***** THE DATA

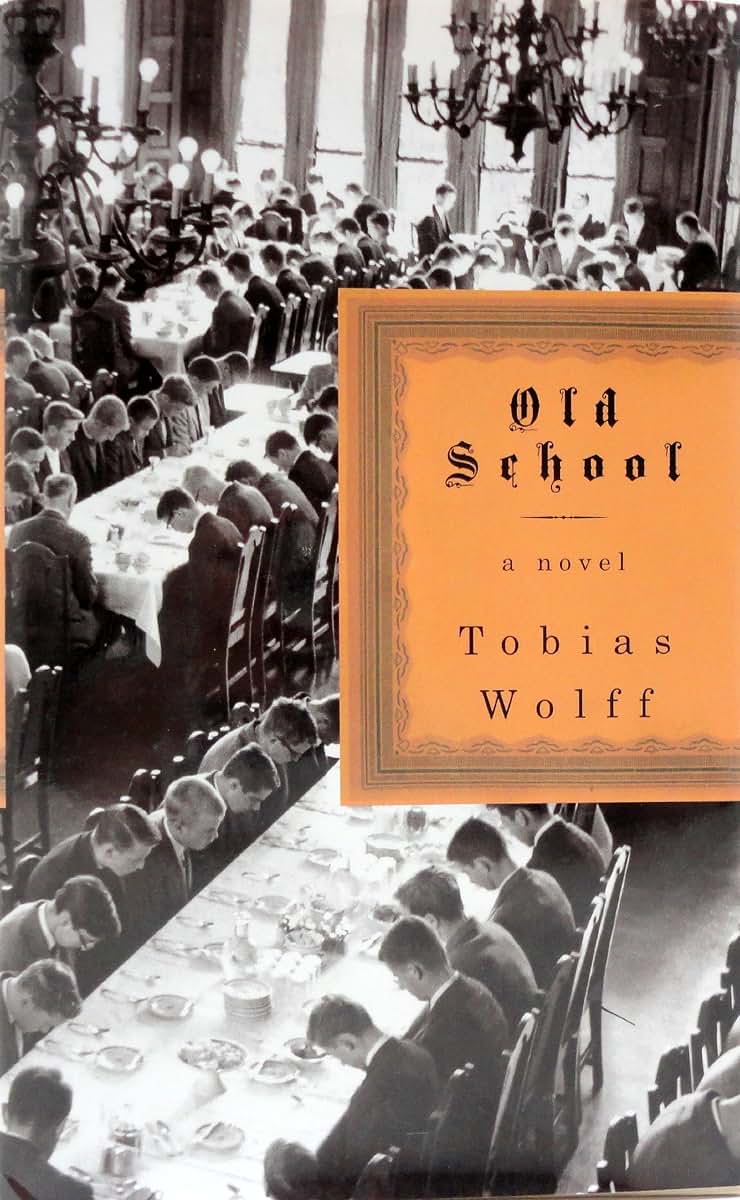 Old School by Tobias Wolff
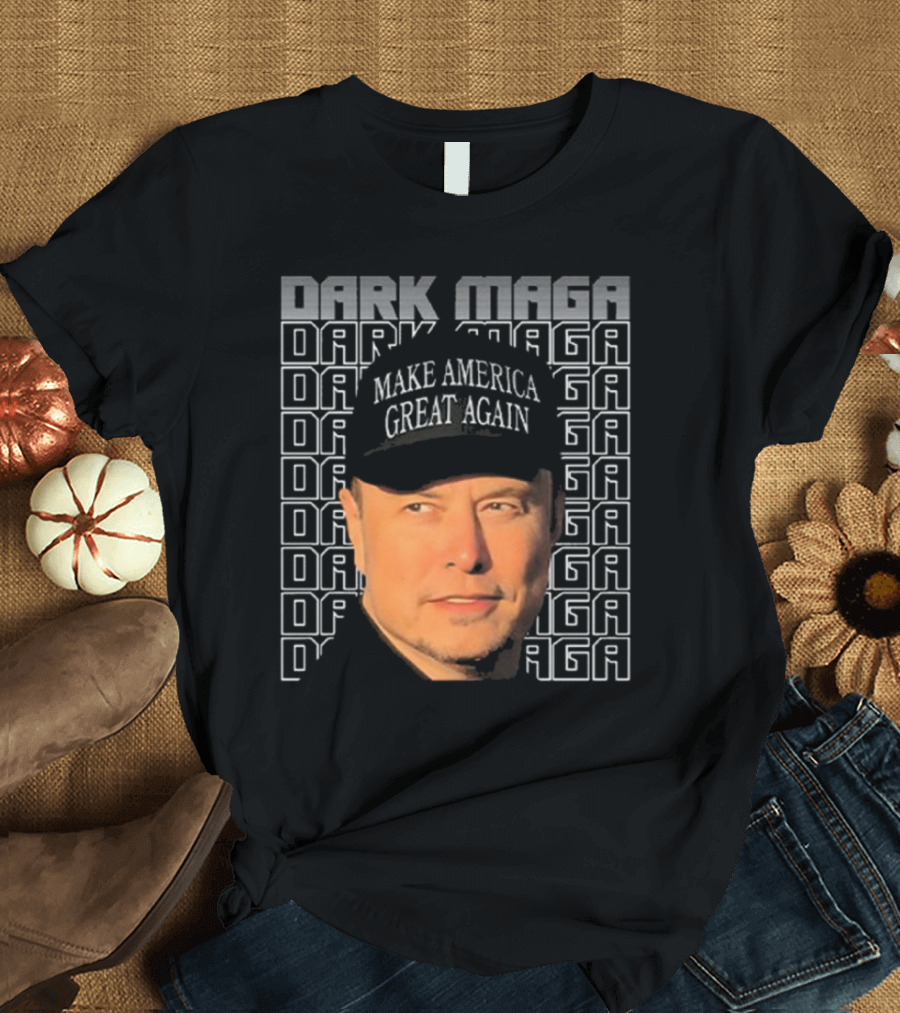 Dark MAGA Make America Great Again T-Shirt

**********
***** THE DATA

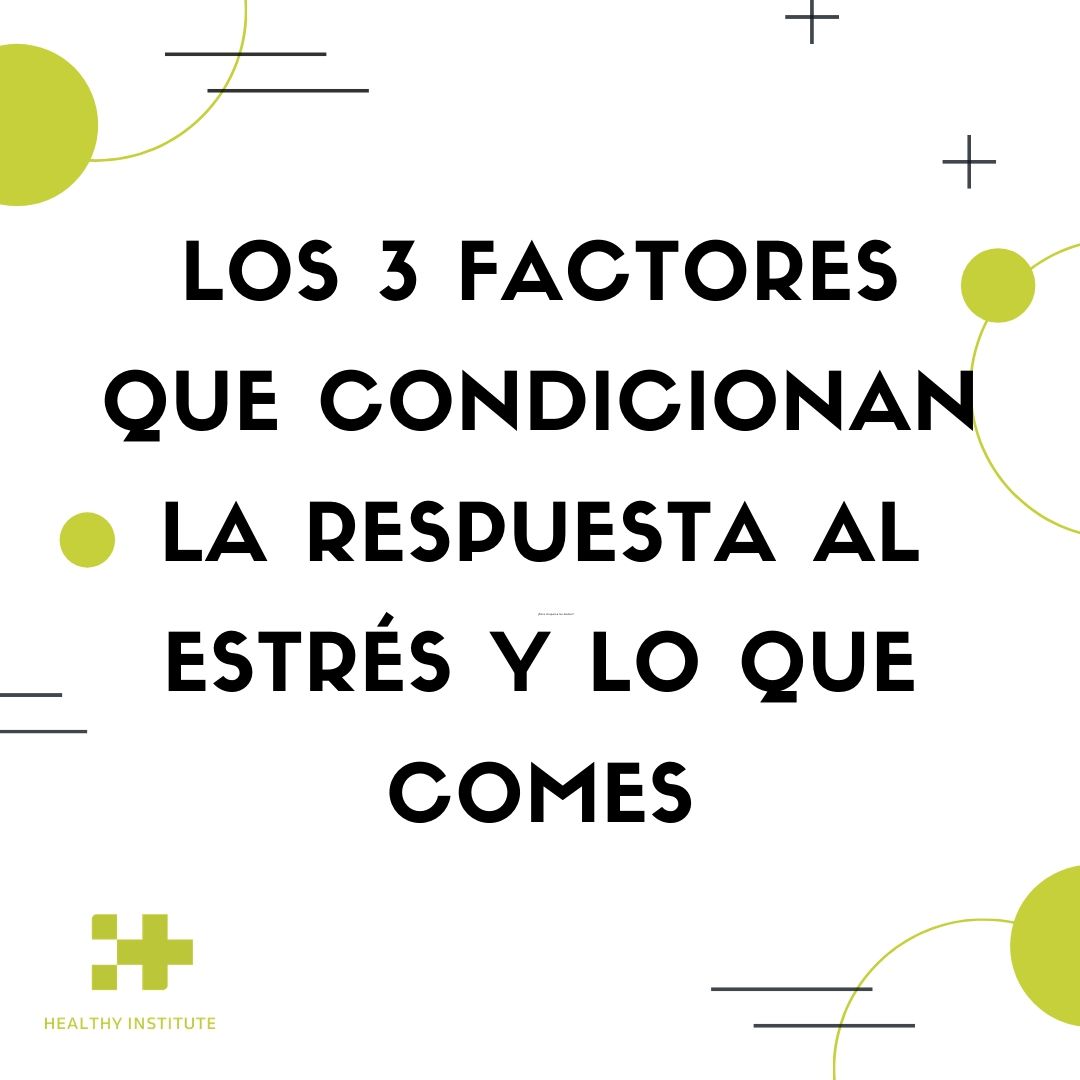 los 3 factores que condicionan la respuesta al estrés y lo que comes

**********
***** THE DATA

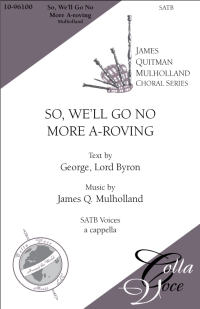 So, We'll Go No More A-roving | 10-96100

**********

**HOW TO COMPLETE THIS TASK:**
Please set down, exactly and with no pictures, the lines in the entries above starting at the one holding "Old School by Tobias Wolff" and ending at the one holding "Dark MAGA Make America Great Again T-Shirt", ends included.

**COMPLETED EXERCISE:**
 Old School by Tobias Wolff
 Dark MAGA Make America Great Again T-Shirt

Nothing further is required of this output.